**Exercise instructions**
Each line, starting at the one with "Мобильный телефон OnePlus 8T 12/256GB Green" and running to the end of the data below, is to be set down again exactly, both ends included; leave pictures out.

Top of Source material

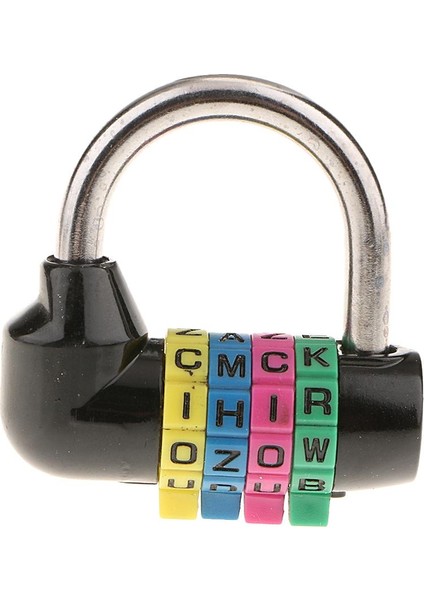 2 4 Harfli Combo Araç Kutusu Kilidi (Yurt Dışından) fiyatları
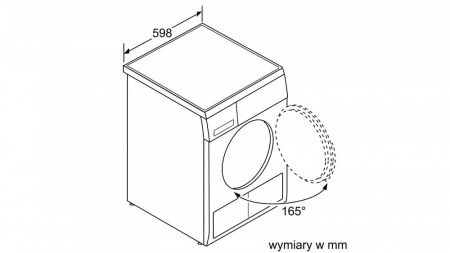 Сушильная машина SIEMENS WT 66B212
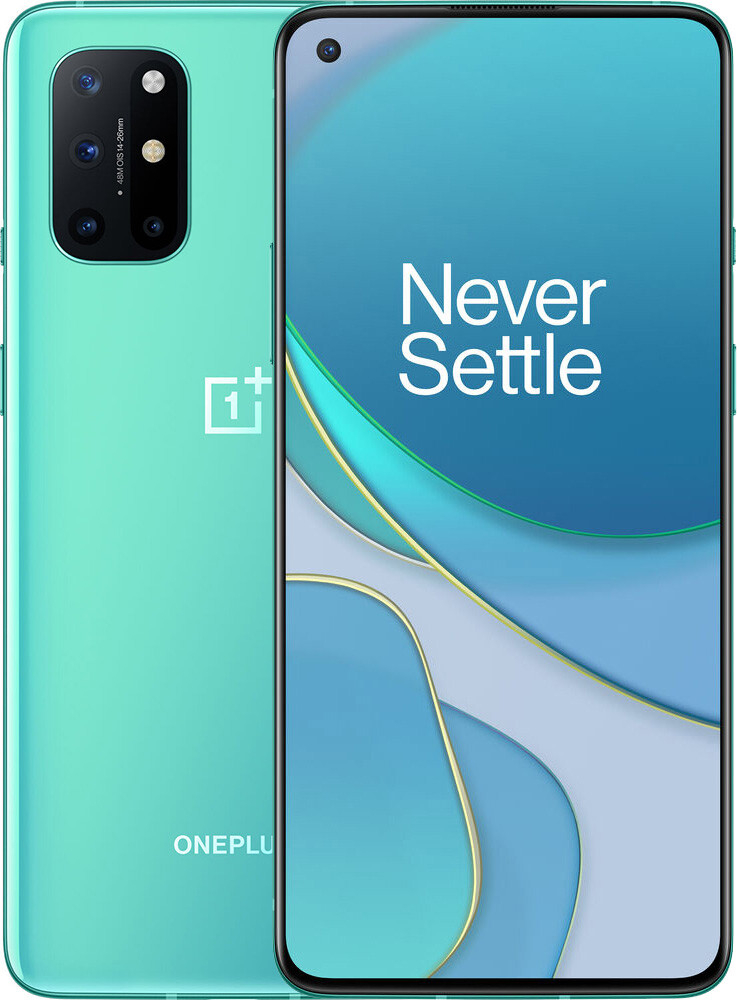 

Мобильный телефон OnePlus 8T 12/256GB Green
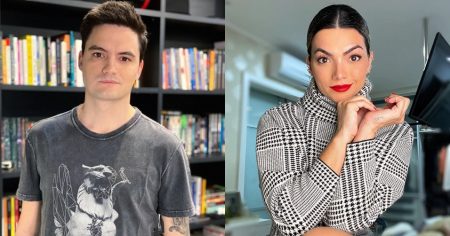 Felipe Neto surpreende, diz que se parece com Kelly Key e web reage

Bottom of Source material

**Reply to the task**
Мобильный телефон OnePlus 8T 12/256GB Green
 Felipe Neto surpreende, diz que se parece com Kelly Key e web reage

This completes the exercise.